##### INFORMATION

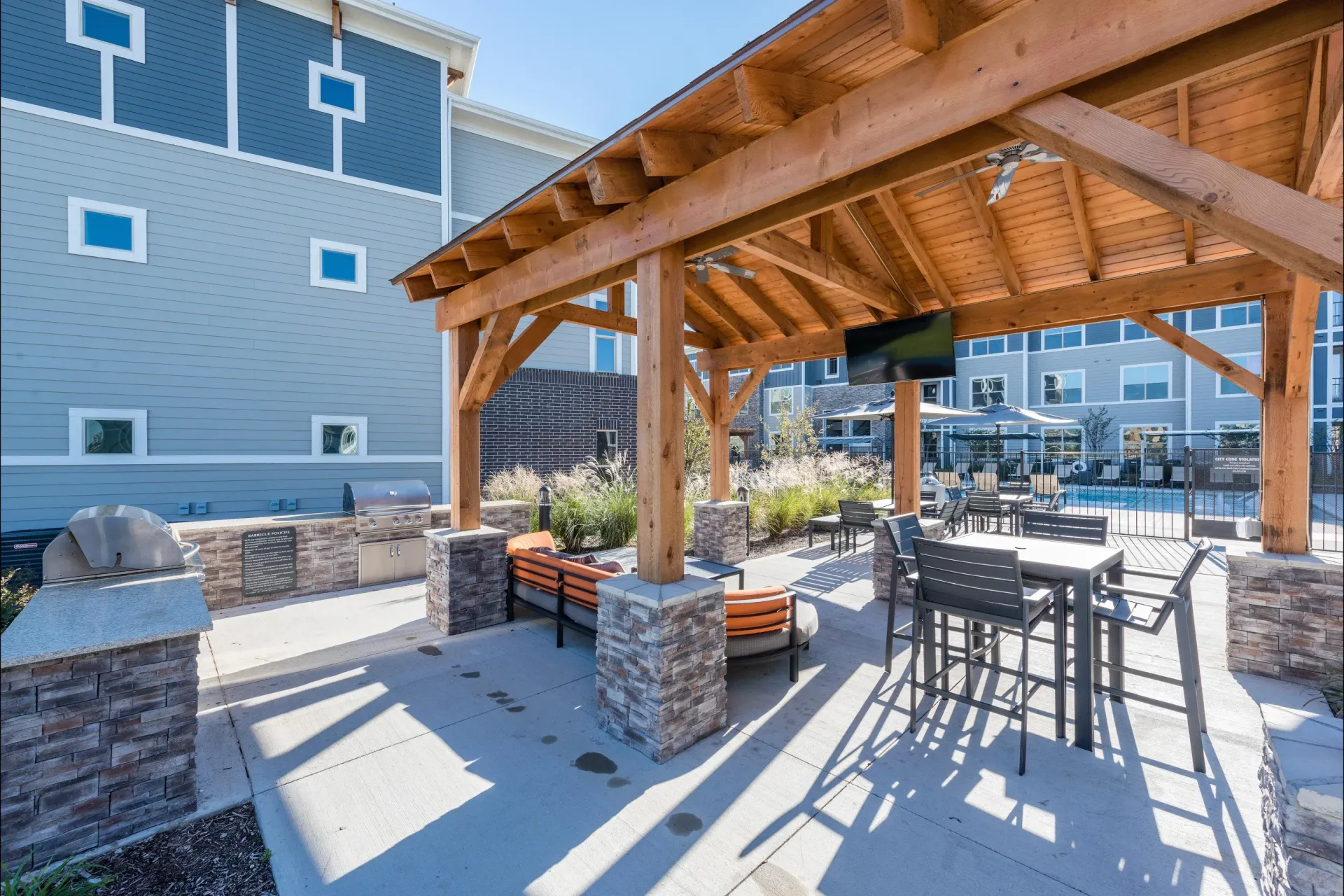 Outdoor community amenity with a wooden pavilion, seating, grills, and a pool in the background.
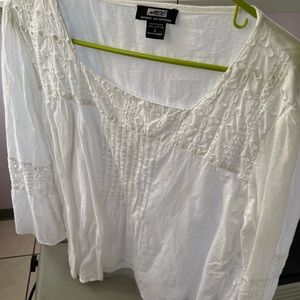 White eyelet top. Bell bottom sleeve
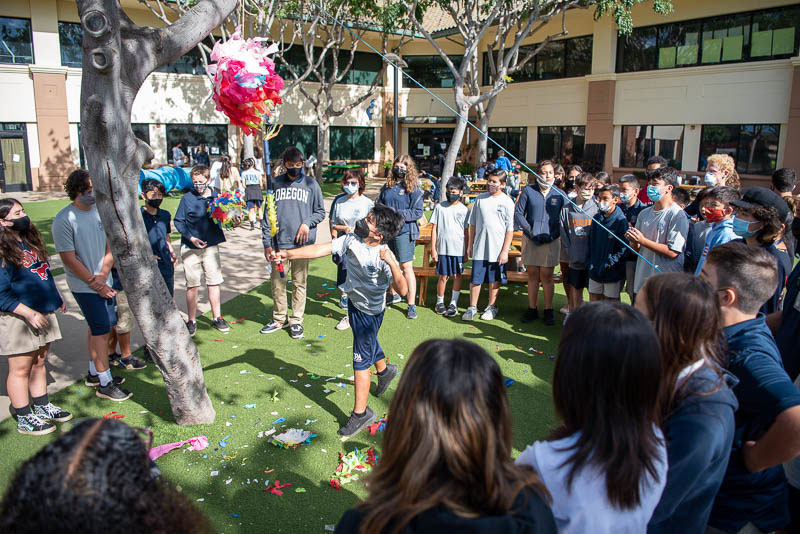 Students hitting piñatas.
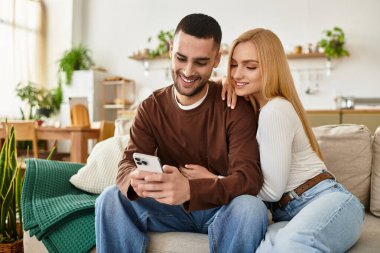 Bir çift, rahat bir oturma odasında akıllı telefon kullanırken kanepede gülüp ısınıyor..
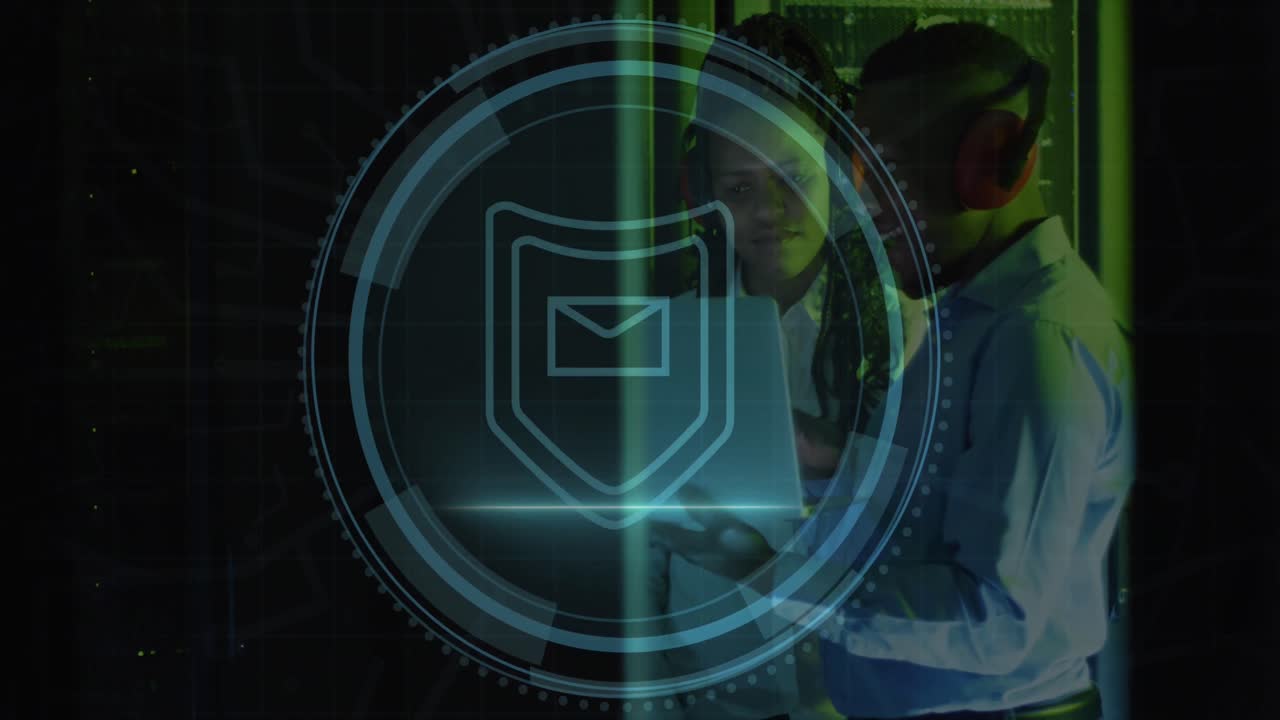 Animation of shield icon over african american male and female engineer using laptop at server room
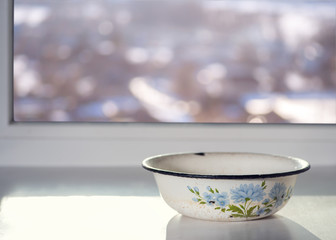 A bowl on a window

##########

Pictures are not part of the copy. Output only the lines from the one with "Students hitting piñatas." through the final line of the records, exactly as given.

 Students hitting piñatas.
 Bir çift, rahat bir oturma odasında akıllı telefon kullanırken kanepede gülüp ısınıyor..
 Animation of shield icon over african american male and female engineer using laptop at server room
 A bowl on a window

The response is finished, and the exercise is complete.